Work task:
Repeat every line from the line containing "Audi A7L — миниатюра 10" to the end of the data, exactly. Leave the pictures out.

Data for this task:
|---|
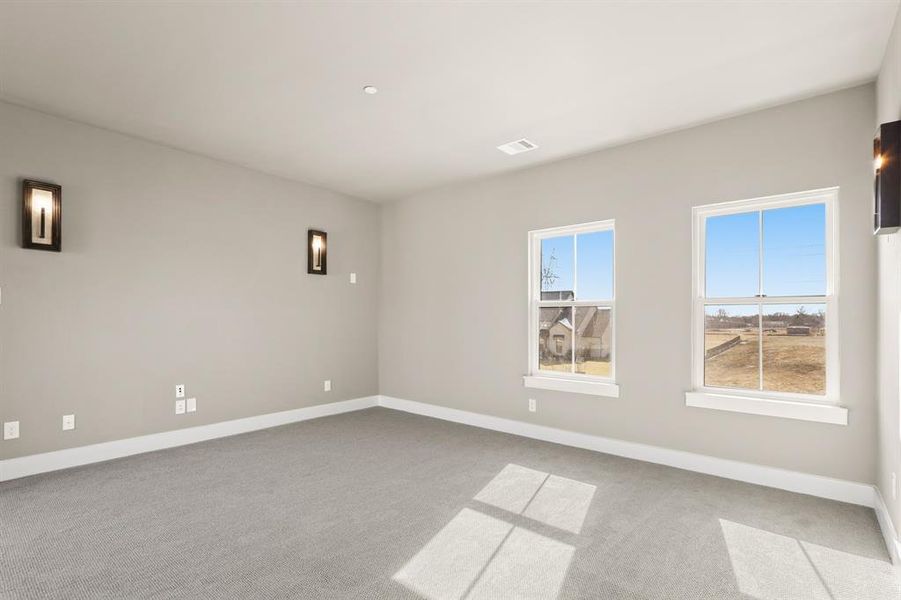 Spacious, unfurnished interior of a new home in Dean Farms, Lucas (Image 11).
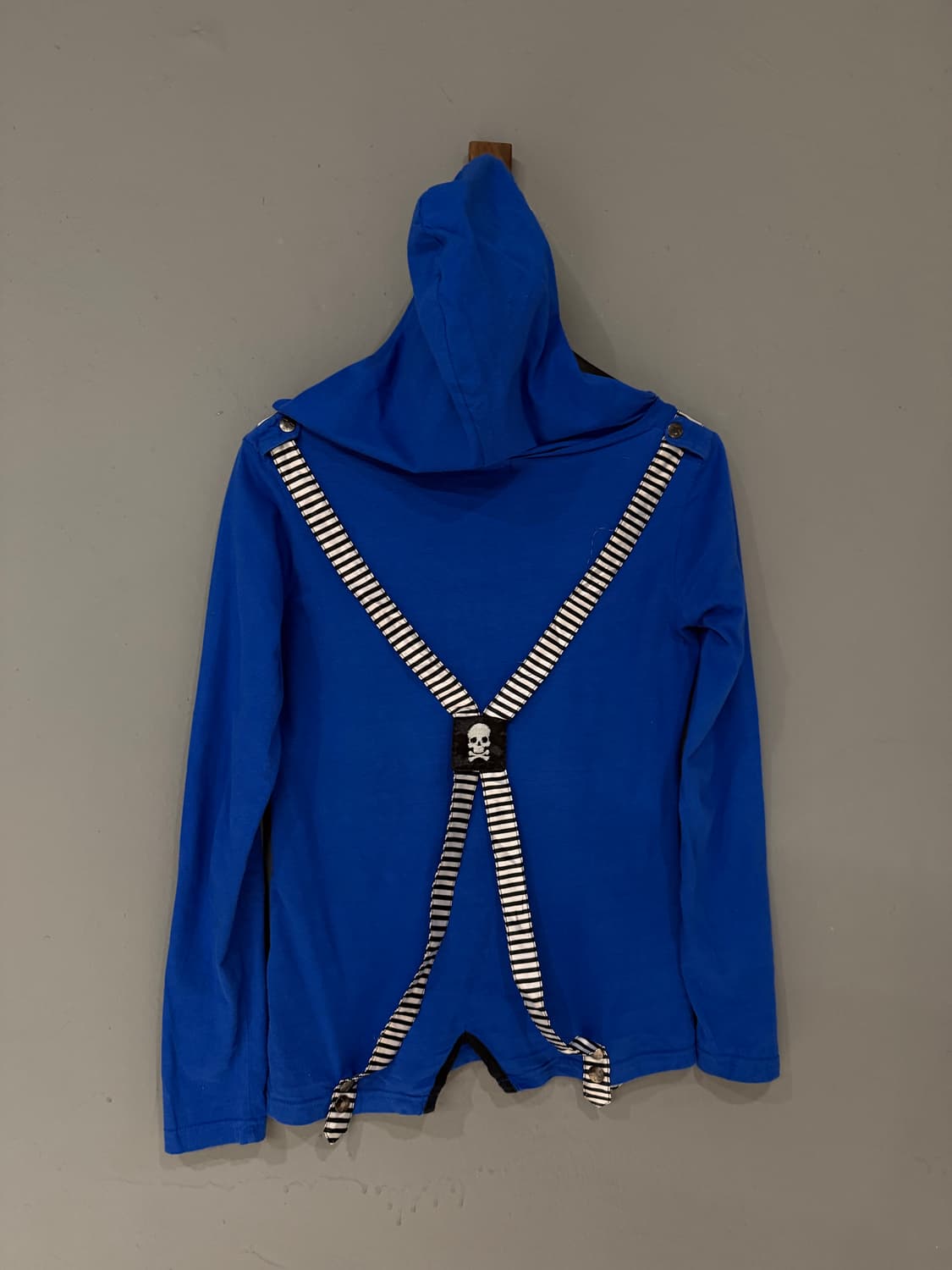 suspenders detail skull hood sleeve 상품이미지9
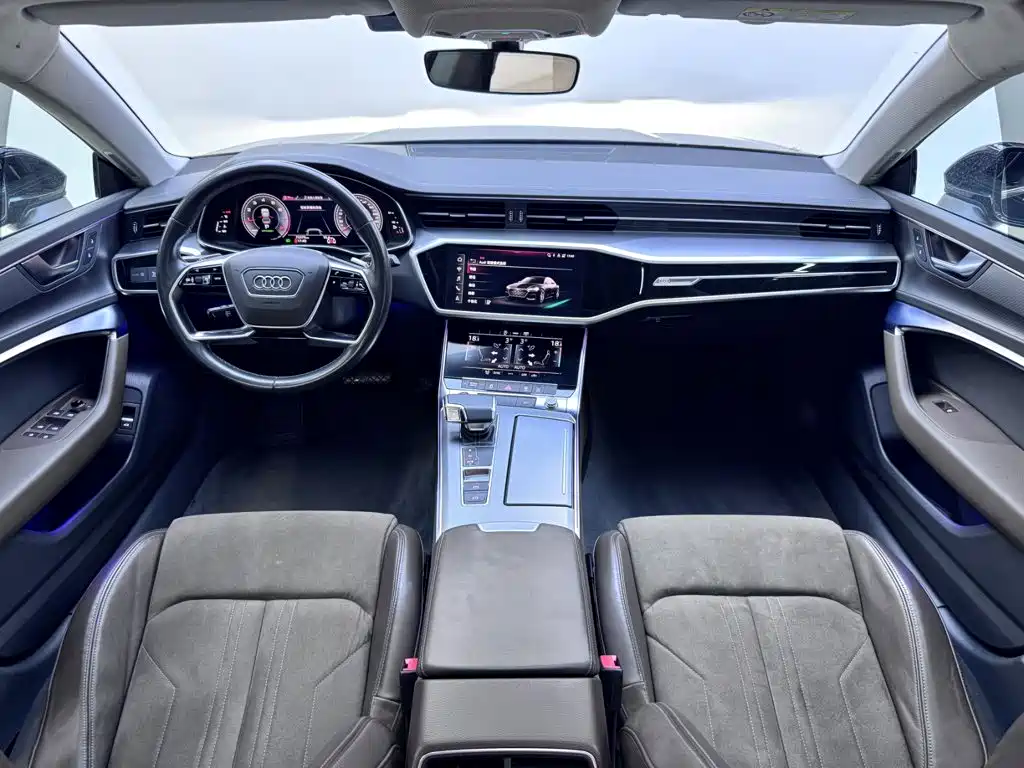Audi A7L — миниатюра 10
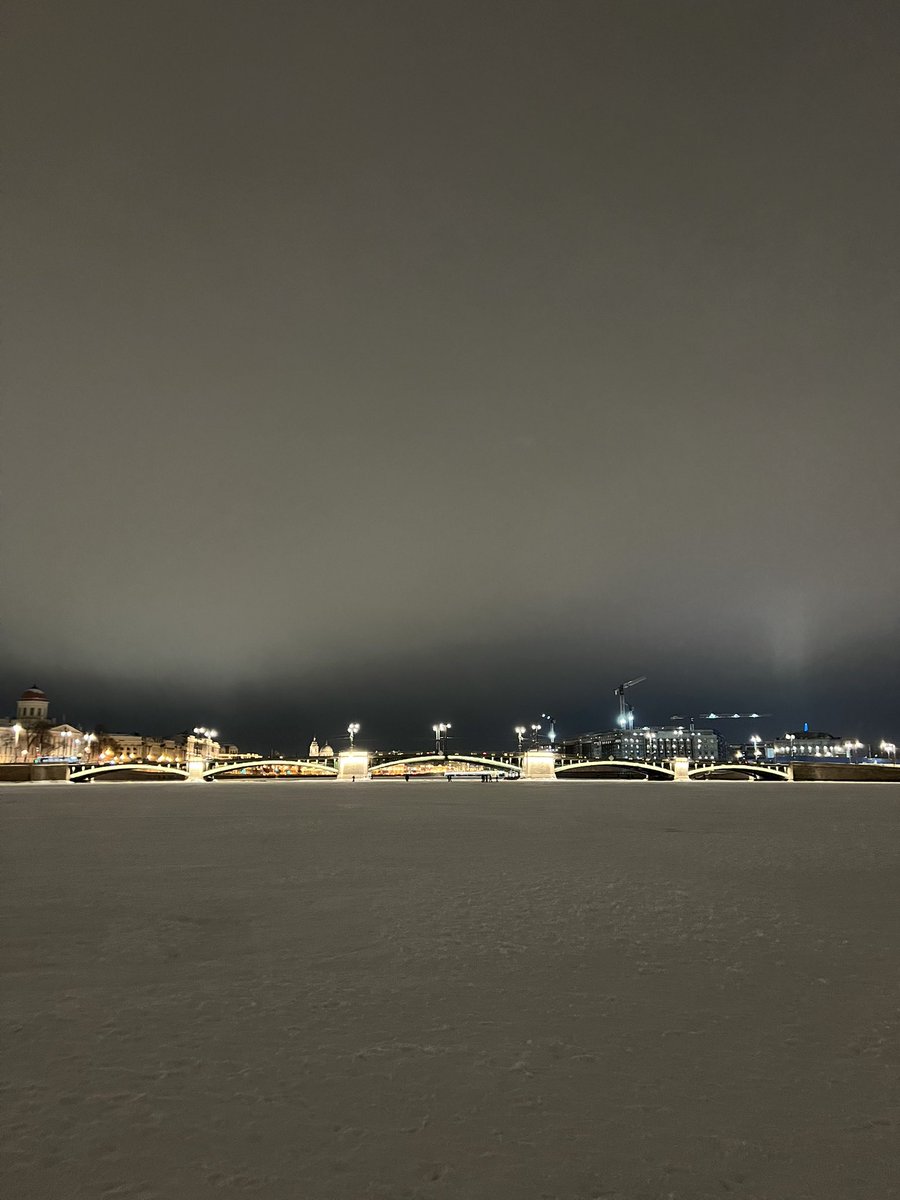 Сегодня ещё можно было перейти от Петропавловки до стрелки Василевского острова. Лёд там ещё крепкий, но у берега уже ждут неприятные трещины и вода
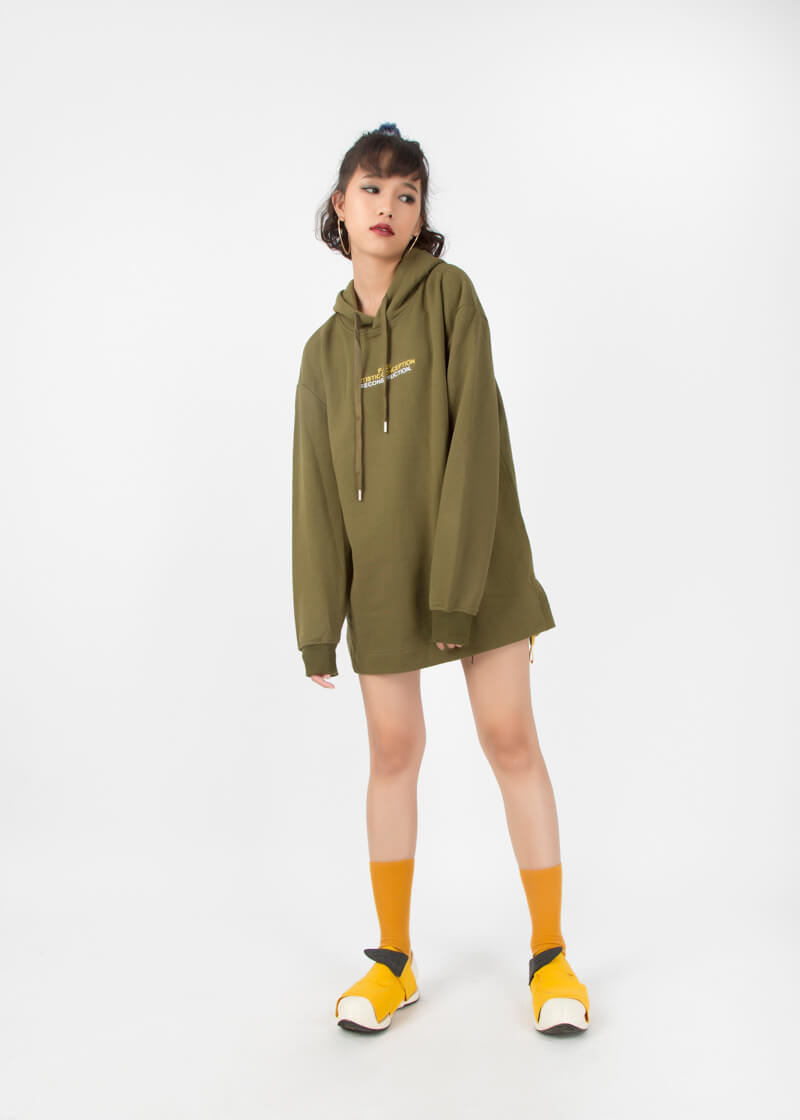 Áo hoodie dáng suông đem lại cảm giác cá tính, năng động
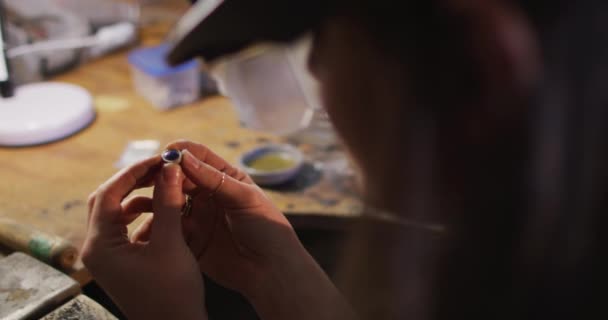 Gözlük Takan Atölyedeki Mücevherleri Kontrol Eden Beyaz Kadın Kuyumcuların Ellerini — Stok video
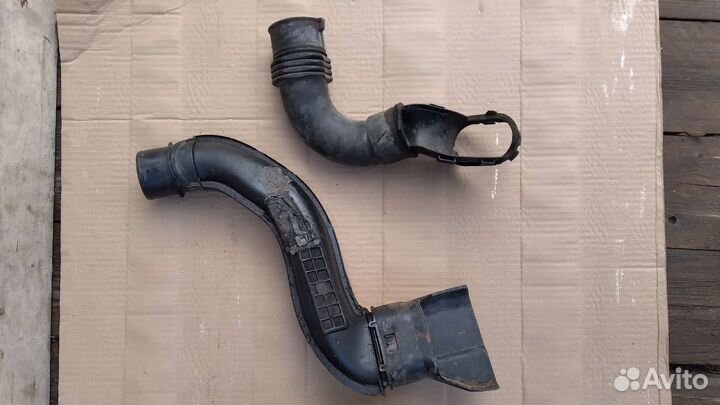 Корпус воздушного фильтра Renault Logan 2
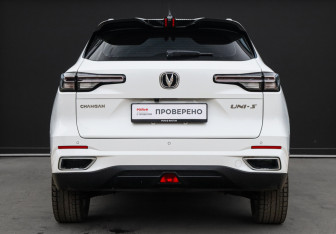 Подержанный автомобиль Changan UNI-S 2024 года (5 фото)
|---|
Result of the exercise:
Audi A7L — миниатюра 10
 Сегодня ещё можно было перейти от Петропавловки до стрелки Василевского острова. Лёд там ещё крепкий, но у берега уже ждут неприятные трещины и вода
 Áo hoodie dáng suông đem lại cảm giác cá tính, năng động
 Gözlük Takan Atölyedeki Mücevherleri Kontrol Eden Beyaz Kadın Kuyumcuların Ellerini — Stok video
 Корпус воздушного фильтра Renault Logan 2
 Подержанный автомобиль Changan UNI-S 2024 года (5 фото)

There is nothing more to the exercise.